O vocábulo inglês euphonium tem uma origem grega, constituída pelo advérbio "eu" (que significa «bem») e por phônê («voz», «fala») ou phônia («som»). No entanto, de um modo geral, os vocábulos gregos entraram nas línguas modernas por intermédio da forma latina (daí, euphonium, e não euphonion', por exemplo, que seria a forma grega). À semelhança de curriculum e medium, também a forma deste substantivo é neutra. Daí o plural euphonia (neste caso, a forma seria comum ao grego e ao latim, visto que o -a é a desinência indo-europeia para o nominativo neutro do plural, logo, comum às duas línguas).

Uma pequena observação: suplementar o termo euphonium tem uma origem grega na medida em que tem uma raiz grega (é formado por dois elementos gregos), mas não existia em grego nem em latim. Ambas as línguas têm adjectivos que indicam uma bela voz, ou uma voz agradável, doce (euphônos, em Grego), e substantivos (euphônia) que indica um som doce, agradável. 

Euphonium terá sido formado a partir daqui.

Pergunta:

Sabemos que a palavra "olimpíada" é uma medida de tempo, que corresponde a quatro anos – período transcorrido entre os jogos, ou seja, enquanto a famosa tocha é transportada de mão em mão, entre uma e outra sede olímpica. O sentido original deste termo, portanto, nada tem que ver com as competições desportivas em si, que nada mais são que um marco temporal, balizando o início e o fim de uma olimpíada.

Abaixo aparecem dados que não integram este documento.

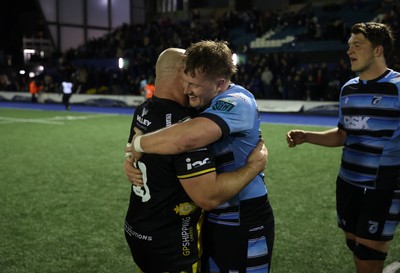 301124 - Cardiff Rugby v Dragons RFC - United Rugby Championship - Dmitri Arhip of Dragons and Evan Lloyd of Cardiff at full time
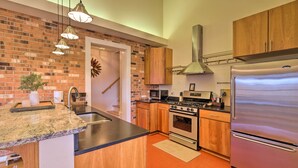 A modern kitchen with a brick wall, wooden cabinets, stainless steel appliances, and pendant lighting. - Pet-friendly Cottage With Game Room & Fire Pit! (Reva)
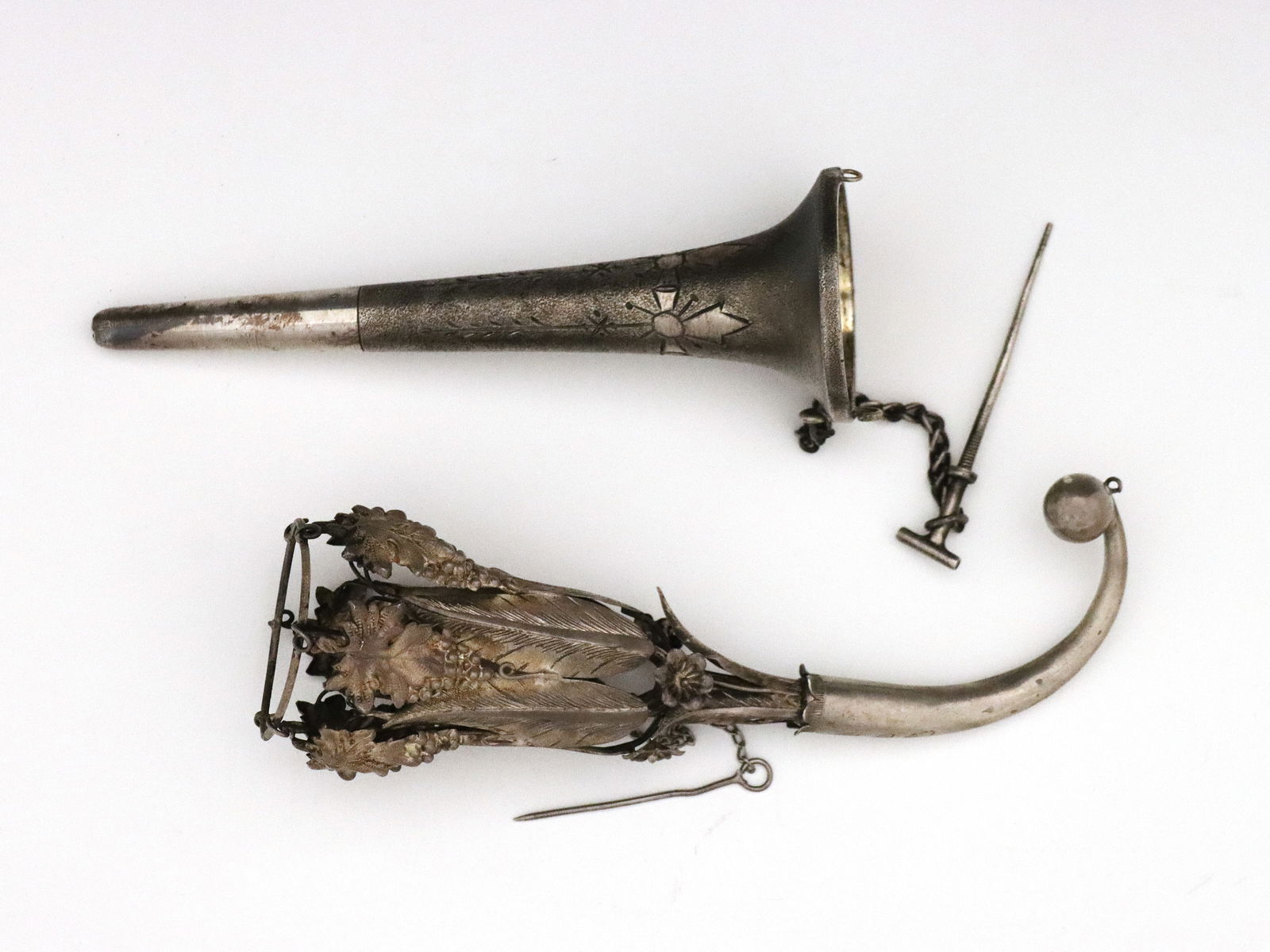 2 Victorian Posy Holders: Two 19th century Victorian Period Sterling and Silverplate posy holders. Includes a Sterling holder with cast grapevine decoration, and a Silverplate holder with engraved decoration. Unmarked,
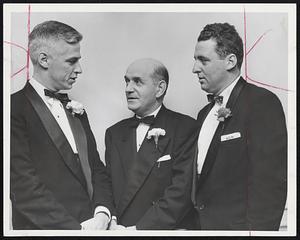 Contractors in Christmas Party--The annual banquet of the Associated General Contractors of Massachusetts was held last night in the Hotel Statler. Left to right, Joel B. Leighton, executive secretary; Julius Abrams, association president, and Alan Cunliffe, chairman of committee.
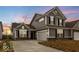 New two-story home with gray siding, dark shutters and a two-car garage at 243 Hunters Ridge Dr, Danville, IN 46122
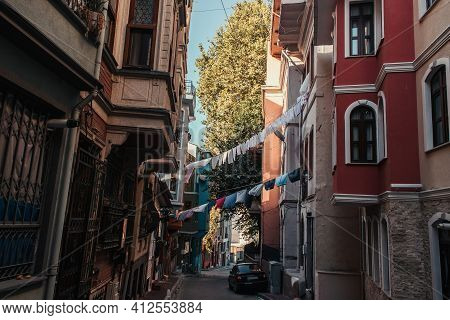 Istanbul, Turkey - November 12, 2020: Car And Clothesline With Laundry Between Houses On Narrow Stre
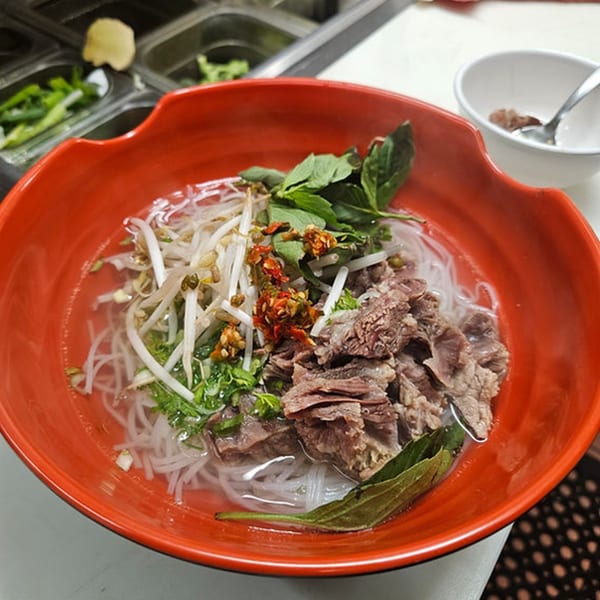 Laos beef noodle soup with sprouts, herbs, and chili in a red bowl at Sern Sapp Restaurant.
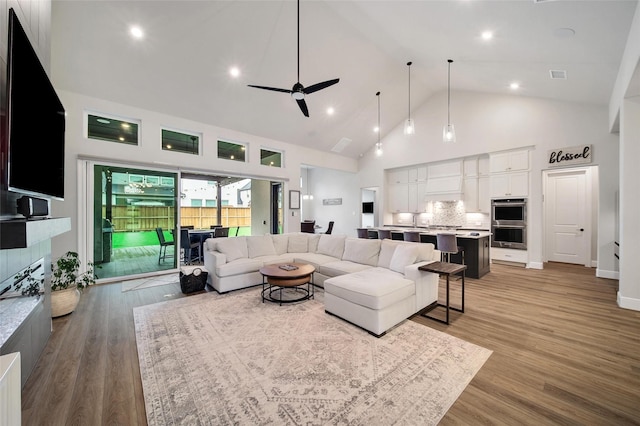 5350 Cherry Spring Dr, Spring, TX 77386 - living room featuring high vaulted ceiling, ceiling fan, light wood-type flooring, and recessed lighting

Não obstante, nota-se que a uso da palavra "olimpíada", para significar as próprias efemérides desportivas, é uma impropriedade que tem curso não apenas no Brasil (não sei se em Portugal sucede o mesmo), como também em países de fala espanhola – lembro-me como me incomodava o uso oficial desse termo, durante as solenidades de abertura e clausura dos Jogos Olímpicos de Barcelona. Tal não é o caso dos países de língua inglesa ou francesa, onde o normal é dizer "Olympic Games", ou "Jeux Olympiques".

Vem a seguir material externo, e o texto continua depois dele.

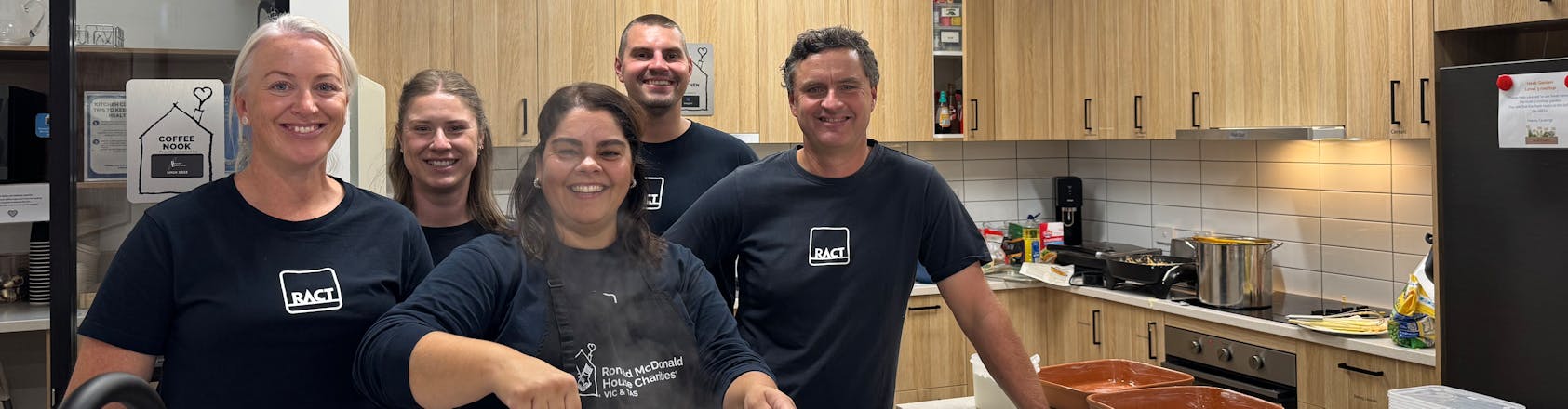 RACT staff volunteering at Ronald McDonald House Five smiling people in RACT t shirts package up meals in a kitchen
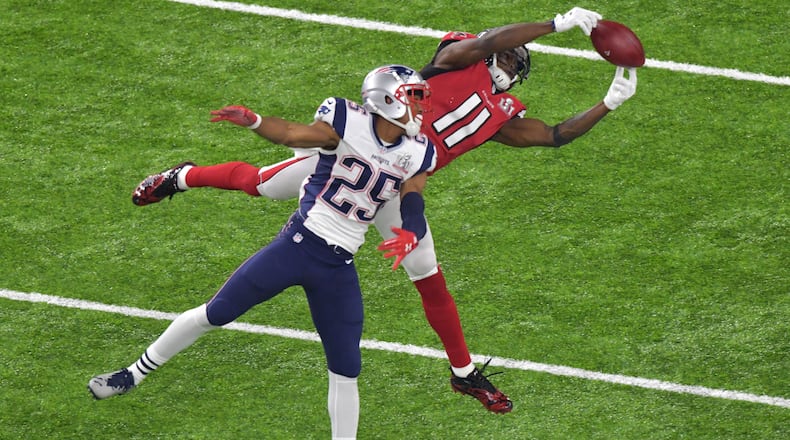 No. 5 -- Julio's catch: Falcons WR Julio Jones (11) extends to make a catch over Patriots CB Eric Rowe (25) in the second half. Hyosub Shin/hshin@ajc.com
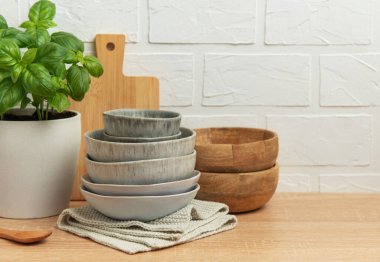 Seramik ve ahşap kaseler mutfak masasına istiflenmiş fesleğen bitkisi, tahta tahta kaşık ve ahşap bir mutfak sahnesi yaratıyor.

Em que medida se deve legitimar o uso generalizado da palavra "olimpíada", com o sentido desvirtuado que se lhe atribui?

Resposta:

O sentido vernáculo  termo olimpíada é o período de quatro anos entre a realização dos Jogos Olímpicos, em Olímpia. Refiro-me, para que não haja quaisquer dúvidas, aos Jogos Olímpicos gregos, que se realizavam em honra de Zeus. De tal modo o vocábulo "olimpíada" designava uma medida temporal que era frequentemente usado pelos historiadores. Políbio, por exemplo, faz a datação dos acontecimentos que descreve por olimpíadas, subdividindo-as ainda em períodos de dois anos. No entanto, qualquer dicionário de Português nos diz que «olimpíadas», no plural, indica os Jogos Olímpicos modernos que se realizam desde 1896.

Não é de estranhar que assim seja já que o Inglês faz o mesmo com o vocábulo olympiad, que tanto pode designar o período de tempo entre a realização dos Jogos Olímpicos na Grécia antiga, como os actuais Jogos Olímpicos.

 

N.E. – Como se refere em texto posterior a esta resposta – vide Os Jogos Olímpicos de A a Z (4/08/2016 ) –, na designação oficial do Movimento Olímpico e conforme o estatuído por todos os Comités Olímpicos Nacionais, uma olimpíada designa, apenas e só, o período de quatro anos decorridos entre duas celebrações consecutivas dos Jogos Olímpicos, com início em 1 de janeiro do primeiro ano, terminando a 31 de dezembro do quarto ano.

Pergunta:

Qual a origem etimológica do vocábulo crioulo? Os crioulos têm todos a sua génese nas línguas românicas?

Resposta:

Diz-nos Aurélio Buarque de Holanda, no seu Novo Dicionário da Língua Portuguesa, que o vocábulo 'crioulo' tem a sua etimologia no verbo 'criar'. Do mesmo modo, José Pedro Machado (Dicionário Etimológico da Língua Portuguesa) afirma que 'crioulo' provém de 'criar+-olo', sendo este proveniente do sufixo latino -ollu-. No entanto, Fernando Lázaro Carreter (Diccionario de Términos Filológicos) limita-se a explicar que a expressão 'idioma crioulo' é mera tradução do francês "créole" ou "créoliolisé", que significa 'adaptado às colónias'. Significa isto que crioulo, enquanto designação de um idioma, se refere à adaptação feita de um qualquer idioma europeu como instrumento de comunicação com os indígenas das colónias. Muitas vezes, esta terminologia serve para indicar um idioma misto, ou uma língua franca – ou seja, uma língua usada para o comércio. O idioma crioulo, contudo, é mais do que isso: é uma língua usada, fora da Europa, como único meio de comunicação entre pessoas que possuem línguas distintas.